• _What you will do_
From the first line of the listing to the last, set down everything exactly, but skip the images.

=== The data ===

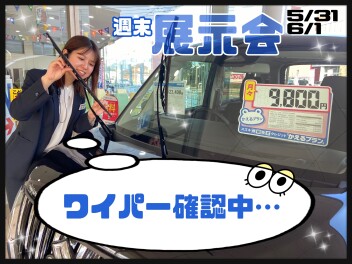 ５月最後の展示会！！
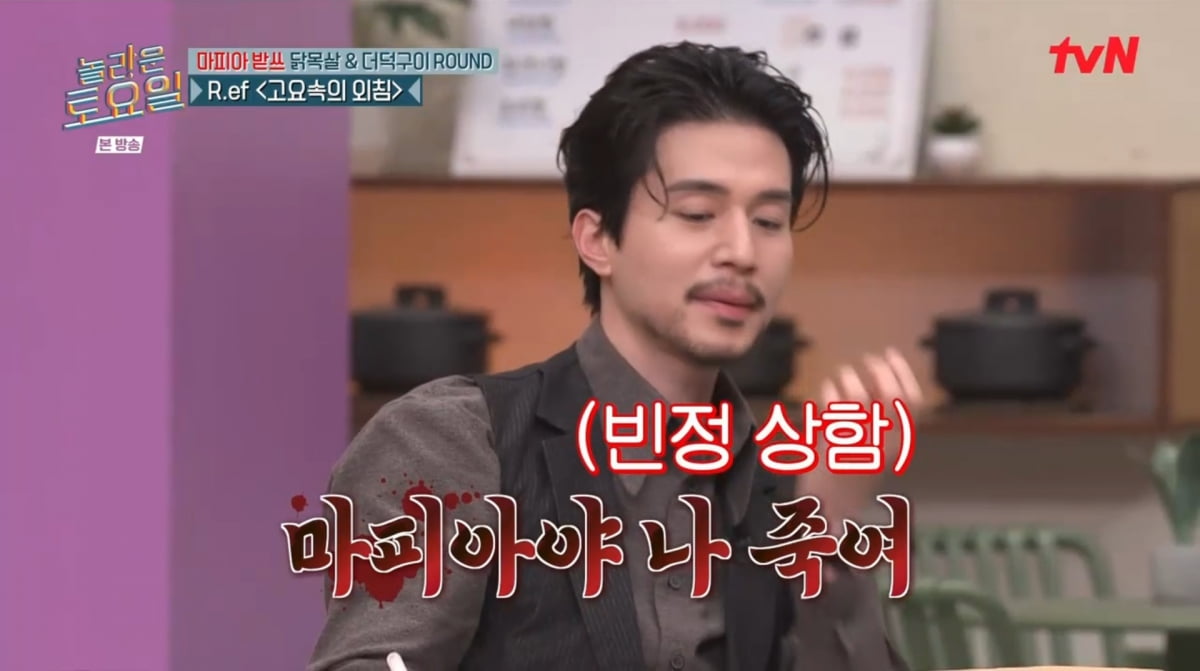 사진=tvN '놀라운 토요일'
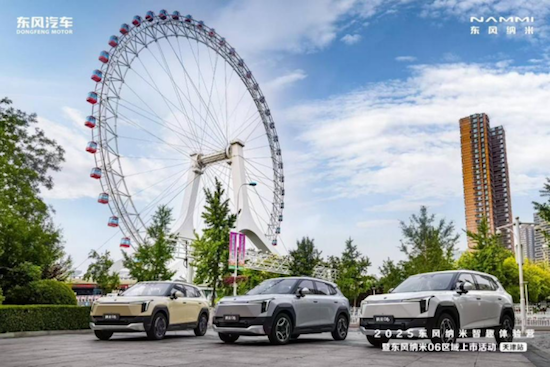 空间越级+高级辅驾+安全满分 东风纳米06上市35天销量突破5600台 位置：资讯+移动端资讯_fororder_【1】空间越级+高级辅驾+安全满分 东风纳米06上市35天销量突破5600台355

===

• _Task answer_
 ５月最後の展示会！！
 사진=tvN '놀라운 토요일'
 空间越级+高级辅驾+安全满分 东风纳米06上市35天销量突破5600台 位置：资讯+移动端资讯_fororder_【1】空间越级+高级辅驾+安全满分 东风纳米06上市35天销量突破5600台355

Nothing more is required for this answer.